We need a wipe for this.
(Pictures follow in the article, click them to enlarge.)

As far as I can remember (and god help me, I try not to remember much), we’ve always had the prototype wipe product around: baby wipes. Babies are, from even my mostly second-hand experience, fairly messy people and notorious for tricking other people into cleaning up after them.
This was the status quo for years, without much in the way of further development aside from the revelation that maybe baby wipes would be just as good in an unscented flavor for those people to whom the main drawback of having a baby around is the inexplicable fact that everything made for them seems to reek of sweet, nasty floral perfume.
That singular, deceptively simple development was the clarion call to open the floodgates. You can argue whether or not the baby wipe is even the initial development, but frankly if you’re going to bring up the “moist towelette” that you’d get in some family restaurants or worse yet, the alcohol pad, you’re missing the point of mass-marketed wipe-as-convenience, you’re just a sick individual, and I whole-heartedly suggest you seek some help. Now ‘wipes’ are everywhere now that they’re out of the baby bag. The first two places they colonized were obvious enough: the bathroom and the kitchen, two places that dirty things go to get clean. Windex glass wipes, Clorox cleaning wipes, Wet Ones–essentially baby wipes for the rest of us.
It all seemed convenient and innocuous enough, but it’s gone to the point of ridiculousness. Gone are our parents’ generation’s days where not only did you not have a wipe for everything, in many cases you even had to buy cleaning concentrates and dilute them with water yourself, before use. Go ahead and think of the last time you did this with any cleaning product that wasn’t related to mopping or car detail. If this doesn’t involve a lengthy trip down memory lane, you’re either stubborn or a cult member.

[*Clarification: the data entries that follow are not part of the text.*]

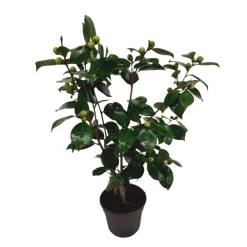 Plant In A Box Fleurs De Saison | - Camélia - camellia japonica 'bonomiana' - hauteur 50-60cm - ⌀15cm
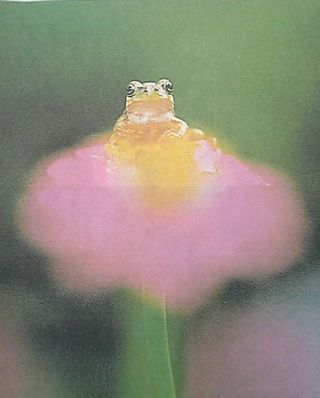 ��ʹ���� �ֲ֤ξ�Υ��ޥ������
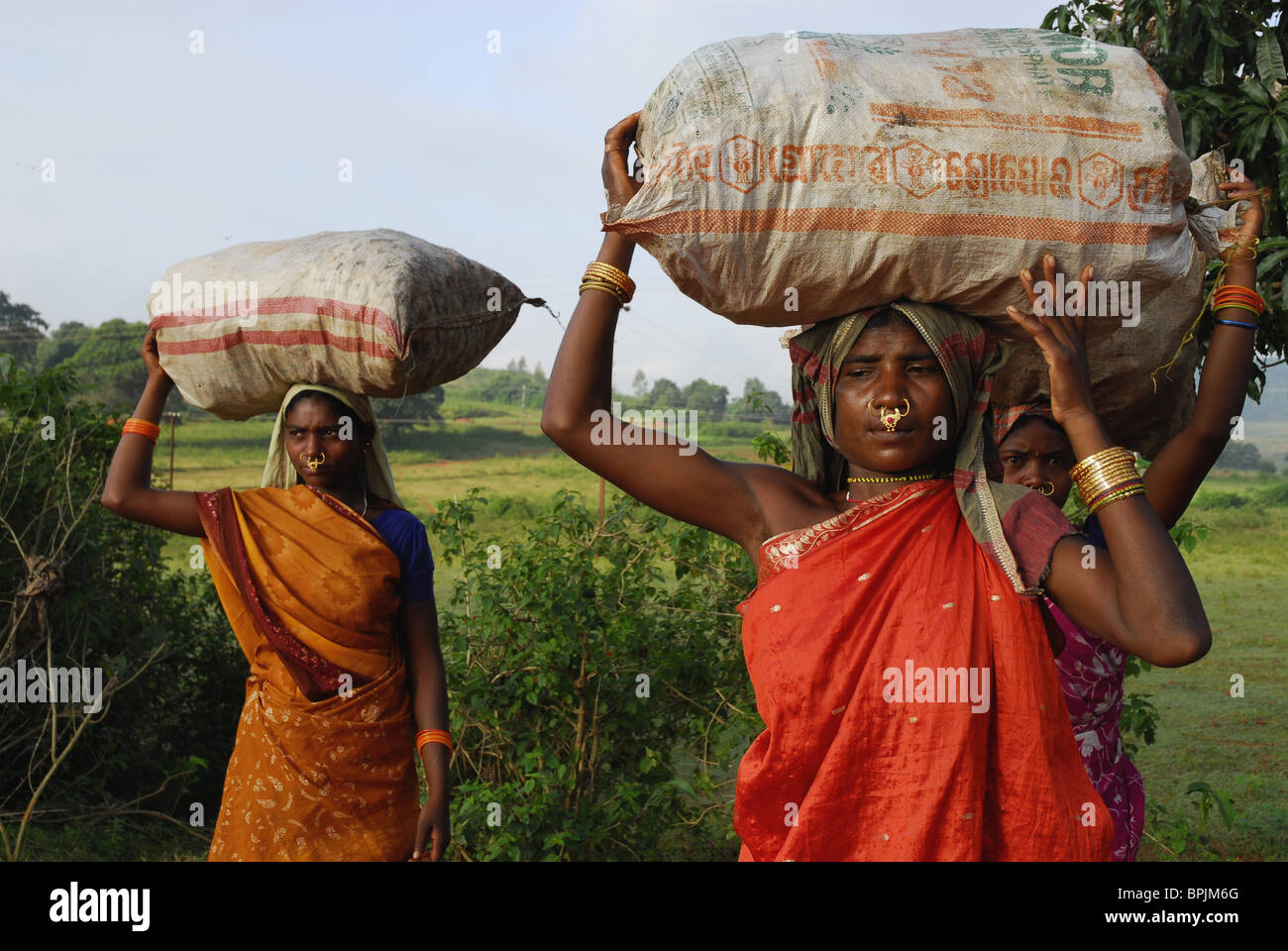 Women of Mali tribe on their way to market, Tribal region in Koraput ...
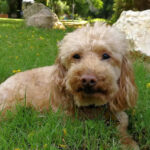 פודל - Poodle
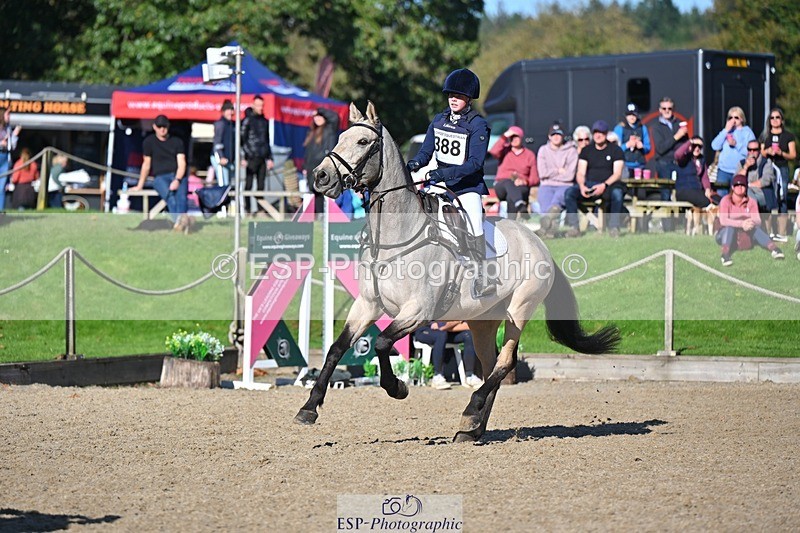 241027-120817-17146 - 388-Anaya.Stoneman-DUNTOATEE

Don’t for a second think that mopping and car detail has been left wipe-free, however; quite the contrary. Now we have dry and wet “mopping systems” which involve a replaceable fabric head on a flat surface. This is to say, the mop has gone the way of wipe-on-a-stick. Armor All, not to be left out on the wipe craze, has much of its product range in wet napkin form, too. To my knowledge, you can’t do a full car wax and detail regimen without resorting to non-wipe products, but give it a year and we’ll see.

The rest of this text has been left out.